Abstract

Abstract Quantifying uncertainty associated with flash flood warning or forecast systems is required to enable informed decision making by those responsible for operation and management of natural hazard protection systems. The current system used by the U.S. National Weather Service (NWS) to issue flash-flood warnings and watches over the Unites States is a purely deterministic system. The authors propose a simple approach to augment the Flash Flood Guidance System (FFGS) with uncertainty propagation components. The authors briefly discuss the main components of the system, propose changes to improve it, and allow accounting for several sources of uncertainty. They illustrate their discussion with examples of uncertainty quantification procedures for several small basins of the Illinois River basin in Oklahoma.
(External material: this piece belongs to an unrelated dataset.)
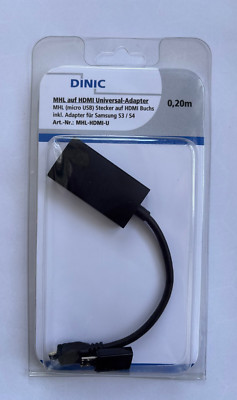 DINIC MHL auf HDMI Universal-Adapter 20 cm ArtNr. MHL-HDMI-U 070770/4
As the current FFGS is tightly coupled with two technologies, that is, threshold-runoff mapping and the Sacramento Soil Moisture Accounting Hydrologic Model, the authors discuss both as sources of uncertainty. To quantify and propagate those sources of uncertainty throughout the system, they develop a simple version of the Sacramento model and use Monte Carlo simulation to study several uncertainty scenarios. The results point out the significance of the stream characteristics such as top width and the hydraulic depth on the overall uncertainty of the Flash Flood Guidance System. They also show that the overall flash flood guidance uncertainty is higher under drier initial soil moisture conditions. The results presented herein, although limited, are a necessary first step toward the development of probabilistic operational flash flood guidance forecast-response systems.